___ The data
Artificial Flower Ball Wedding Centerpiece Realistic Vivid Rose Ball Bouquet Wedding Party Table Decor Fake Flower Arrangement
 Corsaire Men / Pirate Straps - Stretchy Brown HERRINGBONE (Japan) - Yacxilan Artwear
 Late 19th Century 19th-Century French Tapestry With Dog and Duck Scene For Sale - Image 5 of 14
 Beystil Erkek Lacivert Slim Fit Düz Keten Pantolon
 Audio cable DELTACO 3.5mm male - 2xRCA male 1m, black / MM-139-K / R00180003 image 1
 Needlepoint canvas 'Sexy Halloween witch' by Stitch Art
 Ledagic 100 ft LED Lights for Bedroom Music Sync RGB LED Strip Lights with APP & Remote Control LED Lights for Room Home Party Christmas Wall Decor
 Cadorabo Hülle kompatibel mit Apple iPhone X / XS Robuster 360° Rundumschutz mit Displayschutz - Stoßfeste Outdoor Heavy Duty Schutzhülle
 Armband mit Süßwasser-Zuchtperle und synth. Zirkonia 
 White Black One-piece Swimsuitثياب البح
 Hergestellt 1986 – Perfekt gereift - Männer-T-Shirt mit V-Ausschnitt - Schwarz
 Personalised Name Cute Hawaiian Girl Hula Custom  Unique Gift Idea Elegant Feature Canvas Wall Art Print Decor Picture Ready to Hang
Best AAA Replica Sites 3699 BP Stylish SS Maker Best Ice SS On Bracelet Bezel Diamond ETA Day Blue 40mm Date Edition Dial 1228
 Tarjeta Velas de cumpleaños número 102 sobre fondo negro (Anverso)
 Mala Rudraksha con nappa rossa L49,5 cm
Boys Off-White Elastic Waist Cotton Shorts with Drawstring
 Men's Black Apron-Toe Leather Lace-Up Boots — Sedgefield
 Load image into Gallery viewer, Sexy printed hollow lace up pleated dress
______
Set down each line from the line containing "Armband mit Süßwasser-Zuchtperle" through the final line of the data, exactly and with nothing added.

- Solution to this task -
 Armband mit Süßwasser-Zuchtperle und synth. Zirkonia 
 White Black One-piece Swimsuitثياب البح
 Hergestellt 1986 – Perfekt gereift - Männer-T-Shirt mit V-Ausschnitt - Schwarz
 Personalised Name Cute Hawaiian Girl Hula Custom  Unique Gift Idea Elegant Feature Canvas Wall Art Print Decor Picture Ready to Hang
Best AAA Replica Sites 3699 BP Stylish SS Maker Best Ice SS On Bracelet Bezel Diamond ETA Day Blue 40mm Date Edition Dial 1228
 Tarjeta Velas de cumpleaños número 102 sobre fondo negro (Anverso)
 Mala Rudraksha con nappa rossa L49,5 cm
Boys Off-White Elastic Waist Cotton Shorts with Drawstring
 Men's Black Apron-Toe Leather Lace-Up Boots — Sedgefield
 Load image into Gallery viewer, Sexy printed hollow lace up pleated dress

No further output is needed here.